Vor einem Lebensmittelgeschäft hält eine Frau in ihrem Geländewagen an. "Das Leben ist gut", sagt sie der DW und fügt hinzu, dass sie eine Vollzeitbeschäftigung hat. Auch sie stimmte für die rechtsextreme Partei. "Wir haben jetzt eine Stimme um zu sagen, was wir seit Jahren nicht mehr sagen durften. Wir Deutschen müssen aufhören, uns für die Vergangenheit zu entschuldigen. Die Zeit ist vorbei. Deutschland braucht wieder Ordnung. Es kann nicht sein, dass Leute hierher kommen und denken, sie könnten ein Messer rausziehen."

Auch ein Mann, der früher die CDU gewählt hat, sagt, dass die Entscheidung der Kanzlerin während der Migrationskrise 2015, die Grenzen Deutschlands offen zu halten, der Tropfen war, der das Fass zum Überlaufen gebracht hat. "Man kann die Leute hier nicht einfach reinlassen ohne Kontrolle.
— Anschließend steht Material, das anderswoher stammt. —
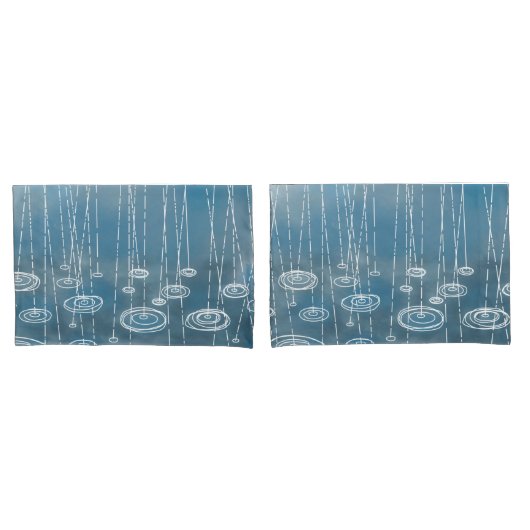 Rainy Day Blue Weather Kussensloop (Voorkant-Set)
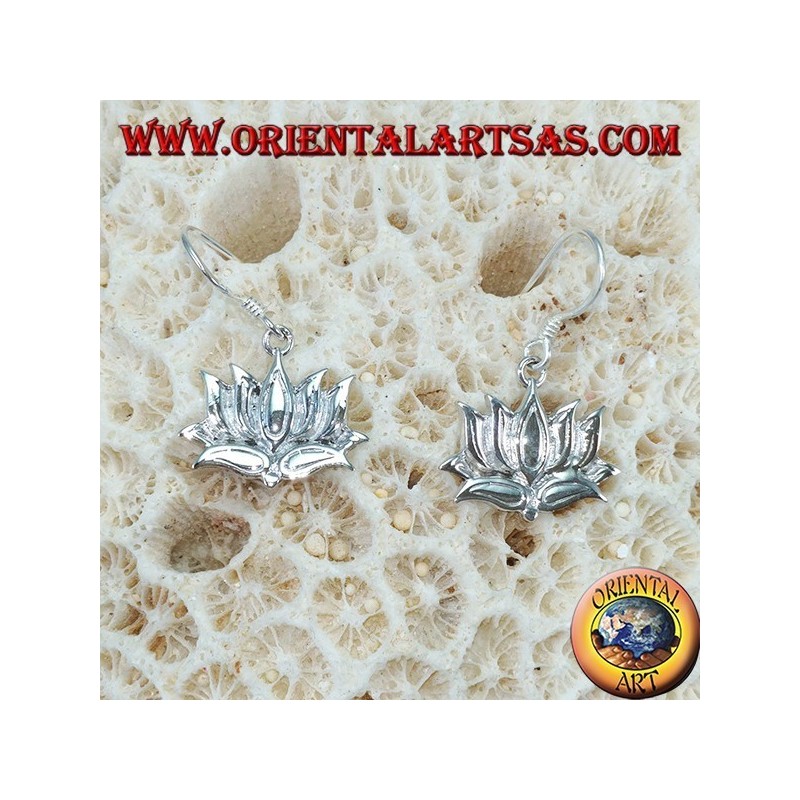 Boucles d'oreilles en argent 925 la fleur de lotus
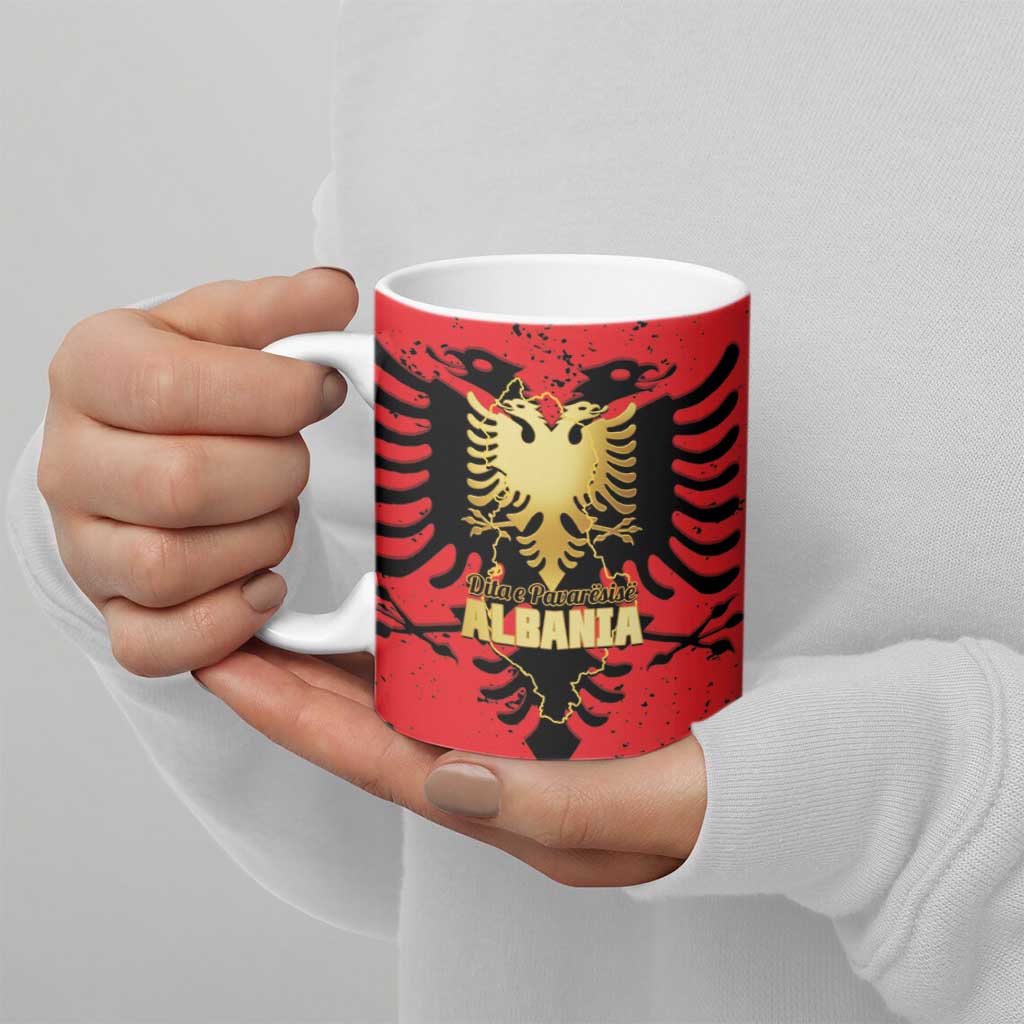 Albania Independence Day Ceramic Mug Dita e Pavaresise Map Grunge Style - Wonder Print Shop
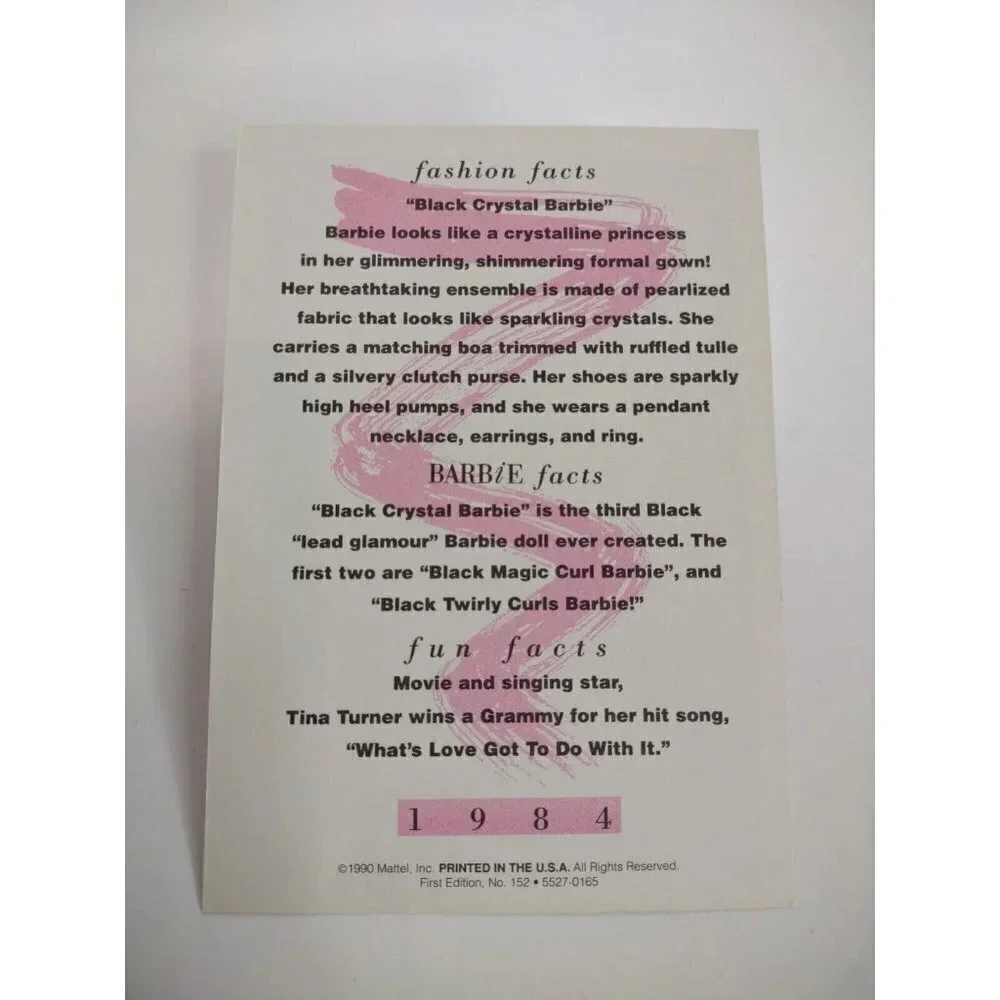 Barbie Collectible Fashion Trading Card  " Black Crystal Barbie "  Gown 1984 - Picture 2 of 2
Warum bleiben sie hier? Sie sollen dankbar sein, dass sie hier Unterkunft bekommen. Sie sollen dankbar sein das sie am Leben sind“, sagt er und fügt hinzu, dass die Bundesregierung im Vergleich dazu die Deutschen im ehemaligen Osten vernachlässigt habe.

Zu sehen ist das Bürgermeisteramt in Neißeaue
Pittoresk wie viele Gebäude in Neißeaue: das BürgermeisteramtBild: DW/K. Brady

"Sie haben vor langer Zeit aufgehört, sich um uns zu kümmern", sagt er. "Wir sind am östlichsten Punkt Deutschlands hier. Da ist die Autobahn und dann nichts", sagt er und lacht.

"AfD ist nicht die Antwort"

Es ist aber nur eine Hälfte der Wähler von Neißeaue, die für die AfD gestimmt hat. Viele der anderen Hälfte fragen sich, ob sie am selben Ort leben. "Ich befürchte sehr, dass die AfD-Wähler hier ganze normale Leute sind - wie Sie und ich", sagt eine Frau auf ihrem Fahrrad. "Sie sind keine Neonazis. Aber ich glaube, viele befassen sich kaum mit dem Parteiprogramm."

Allerdings kennt sie auch die Probleme in Neißeaue: Bei einigen Bewohnern sei innerhalb weniger Jahre zwei bis dreimal eingebrochen worden, sagt sie. "Grenzkriminalität muss bekämpft werden. Aber im Großen und Ganzen ist das Leben hier gut. Und die AfD ist alles Mögliche, aber nicht die Lösung unserer Probleme."